The Indian Navy said these activities underscore India’s outreach to foster friendly relations through maritime cooperation, aligning with the maritime vision of Prime Minister Shri Narendra Modi, known as “SAGAR – Security and Growth for All in the Region” with emphasis on the Global South.

In recent months the Indian Navy has been very active off the northeast coast of Africa, and since the Israel-Hamas conflict spilling over to the maritime domain, with Houthi forces attacking shipping off Yemen in solidarity with Palestine, India has enhanced the scope of its maritime security operations.

The navy undertook proactive action during the hijacking of the Malta Flagged Bulk Carrier MV Ruen on 14 December 2023. The Indian Navy said 23 March marked the completion of 100 days of ongoing maritime security operations under the aegis of ‘Op Sankalp’. During this time, the Indian Navy responded to 18 incidents in the Indian Ocean Region.

This included a well-coordinated operation that lasted some 40 hours, culminating in the Indian Navy retaking the MV Ruen from Somali pirates, rescuing the 17 crew members on board and apprehending two dozen pirates on 16 March.

The Indian Navy has a sizeable presence in the Red Sea region, with a dozen warships deployed to provide security against pirates as Western powers focus on attacks by Yemen’s Houthis.

In January, the Indian Navy foiled two hijackings by Somali pirates within days.
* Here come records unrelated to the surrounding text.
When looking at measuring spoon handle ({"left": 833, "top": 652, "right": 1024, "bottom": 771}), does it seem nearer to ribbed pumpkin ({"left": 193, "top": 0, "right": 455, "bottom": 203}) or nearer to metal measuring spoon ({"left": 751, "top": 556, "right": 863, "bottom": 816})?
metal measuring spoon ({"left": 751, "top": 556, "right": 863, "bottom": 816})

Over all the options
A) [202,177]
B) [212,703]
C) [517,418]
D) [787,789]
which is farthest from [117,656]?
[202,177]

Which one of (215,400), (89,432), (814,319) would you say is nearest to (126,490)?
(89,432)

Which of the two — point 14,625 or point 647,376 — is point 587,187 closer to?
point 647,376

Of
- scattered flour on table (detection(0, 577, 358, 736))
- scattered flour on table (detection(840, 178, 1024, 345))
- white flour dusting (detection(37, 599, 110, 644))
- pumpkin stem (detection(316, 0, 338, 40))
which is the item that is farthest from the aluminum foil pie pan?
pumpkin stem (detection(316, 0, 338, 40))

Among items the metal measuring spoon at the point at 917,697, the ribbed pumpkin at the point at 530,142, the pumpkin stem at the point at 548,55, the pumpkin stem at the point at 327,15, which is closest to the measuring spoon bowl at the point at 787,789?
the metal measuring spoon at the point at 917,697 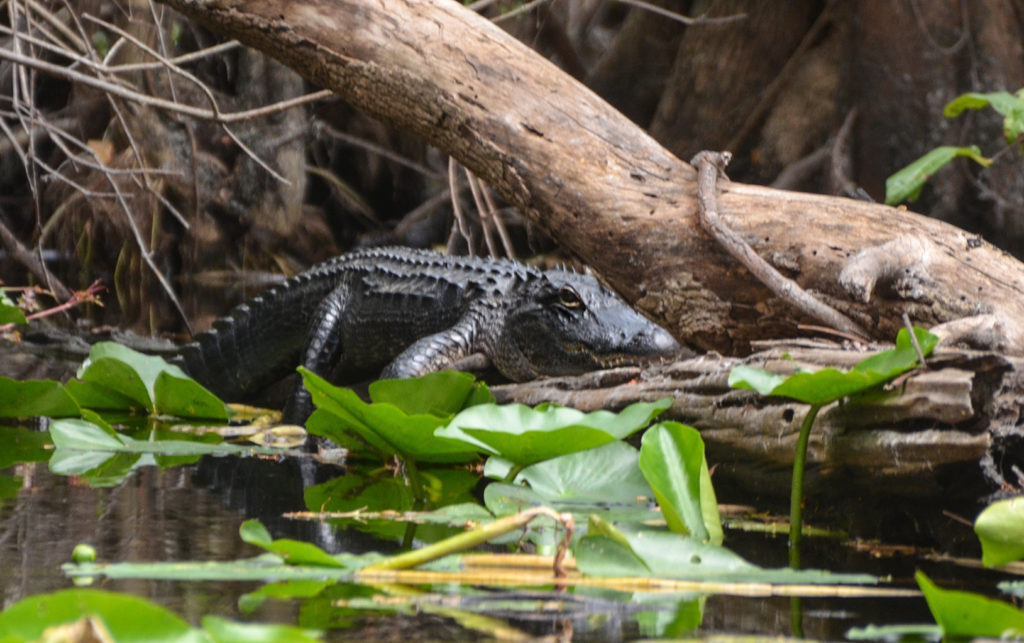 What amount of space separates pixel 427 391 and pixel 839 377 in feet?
2.57

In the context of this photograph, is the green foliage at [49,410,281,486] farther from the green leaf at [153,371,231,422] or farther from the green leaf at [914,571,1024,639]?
the green leaf at [914,571,1024,639]

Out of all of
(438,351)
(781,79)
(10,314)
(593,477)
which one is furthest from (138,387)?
Answer: (781,79)

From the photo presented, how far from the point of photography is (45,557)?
1.13 meters

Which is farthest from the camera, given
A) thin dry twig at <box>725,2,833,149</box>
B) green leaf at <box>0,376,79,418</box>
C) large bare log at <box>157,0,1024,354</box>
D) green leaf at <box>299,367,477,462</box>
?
thin dry twig at <box>725,2,833,149</box>

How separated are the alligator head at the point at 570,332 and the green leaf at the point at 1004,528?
1.32 meters

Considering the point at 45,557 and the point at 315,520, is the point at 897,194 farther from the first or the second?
the point at 45,557

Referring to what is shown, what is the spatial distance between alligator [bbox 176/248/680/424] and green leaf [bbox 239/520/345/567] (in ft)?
4.86

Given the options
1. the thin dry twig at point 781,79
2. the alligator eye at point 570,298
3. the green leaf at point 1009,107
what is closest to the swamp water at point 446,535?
the alligator eye at point 570,298

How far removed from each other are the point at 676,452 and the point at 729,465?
14.2 inches

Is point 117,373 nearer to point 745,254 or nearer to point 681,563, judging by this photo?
point 745,254

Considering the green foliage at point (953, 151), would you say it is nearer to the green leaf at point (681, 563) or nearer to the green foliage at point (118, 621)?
the green leaf at point (681, 563)

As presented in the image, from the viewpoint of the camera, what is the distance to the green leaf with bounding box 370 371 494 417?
1759mm

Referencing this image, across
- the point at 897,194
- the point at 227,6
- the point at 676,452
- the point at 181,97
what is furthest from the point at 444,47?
the point at 181,97

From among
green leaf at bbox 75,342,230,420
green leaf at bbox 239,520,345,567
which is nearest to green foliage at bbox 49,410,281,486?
green leaf at bbox 75,342,230,420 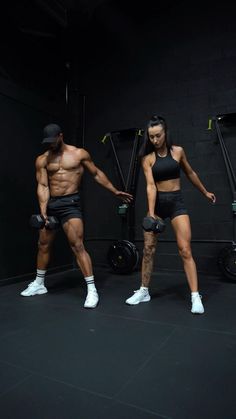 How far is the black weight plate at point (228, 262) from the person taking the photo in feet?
11.3

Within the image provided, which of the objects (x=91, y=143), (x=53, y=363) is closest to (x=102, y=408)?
(x=53, y=363)

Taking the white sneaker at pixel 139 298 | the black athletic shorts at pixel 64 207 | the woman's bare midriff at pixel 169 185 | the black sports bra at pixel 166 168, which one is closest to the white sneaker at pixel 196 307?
the white sneaker at pixel 139 298

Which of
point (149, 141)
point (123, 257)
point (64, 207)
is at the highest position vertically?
point (149, 141)

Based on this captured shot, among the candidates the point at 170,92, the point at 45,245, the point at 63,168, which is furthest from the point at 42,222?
the point at 170,92

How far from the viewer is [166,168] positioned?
2.68 m

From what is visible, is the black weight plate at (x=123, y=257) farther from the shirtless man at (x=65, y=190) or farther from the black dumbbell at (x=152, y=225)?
the black dumbbell at (x=152, y=225)

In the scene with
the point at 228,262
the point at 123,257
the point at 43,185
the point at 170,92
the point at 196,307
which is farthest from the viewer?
the point at 170,92

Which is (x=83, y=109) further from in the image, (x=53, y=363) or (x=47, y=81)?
(x=53, y=363)

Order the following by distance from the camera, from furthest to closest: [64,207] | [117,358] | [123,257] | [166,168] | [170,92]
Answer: [170,92] < [123,257] < [64,207] < [166,168] < [117,358]

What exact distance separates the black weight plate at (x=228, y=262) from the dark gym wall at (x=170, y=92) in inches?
14.7

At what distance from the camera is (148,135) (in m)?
2.72

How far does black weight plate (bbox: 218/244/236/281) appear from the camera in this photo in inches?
136

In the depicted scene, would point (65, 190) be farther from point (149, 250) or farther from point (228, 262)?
point (228, 262)

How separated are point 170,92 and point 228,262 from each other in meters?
2.46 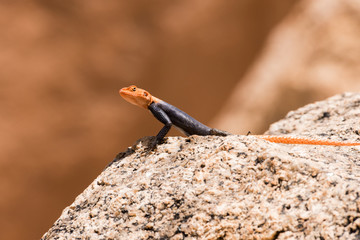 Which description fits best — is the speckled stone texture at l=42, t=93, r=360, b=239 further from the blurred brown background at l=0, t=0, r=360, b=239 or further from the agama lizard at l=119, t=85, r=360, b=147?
the blurred brown background at l=0, t=0, r=360, b=239

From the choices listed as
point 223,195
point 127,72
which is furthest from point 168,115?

On 29 January, the fishing vessel Al Naeemi and her crew (19 Pakistani nationals) were rescued by the Indians from 11 Somali pirates after the Iranian-flagged fishing vessel was boarded and her crew taken hostage.

The INS Kolkata with captured Somali pirates.

The day before, the INS Sumitra was again in action off the Somali coast when she responded to a distress message regarding the hijacking of the Iranian flagged fishing vessel Iman, which had been boarded by pirates and the crew taken as hostages.

The Indian Navy said INS Sumitra intercepted the vessel and coerced the pirates to safely release the 17 crew along with the boat. “The fishing vessel was subsequently sanitised and released for onward transit.”

On 5 January, the Indian Navy rescued another vessel from pirates – 21 crew were evacuated from the MV Lila Norfolk in the North Arabian Sea a day after it was boarded by half a dozen armed men off Somalia’s coast.

Based on the threat assessment in the region, the Indian Navy is conducting maritime security operations in three areas of operations viz Gulf of Aden and adjoining areas, Arabian Sea and off the East Coast of Somalia. Since December, the Indian Navy has deployed over 5 000 personnel at sea, over 450 ship days (with over 21 ships deployed) and reached 900 hours of flying by the maritime surveillance aircraft to address threats in the maritime domain.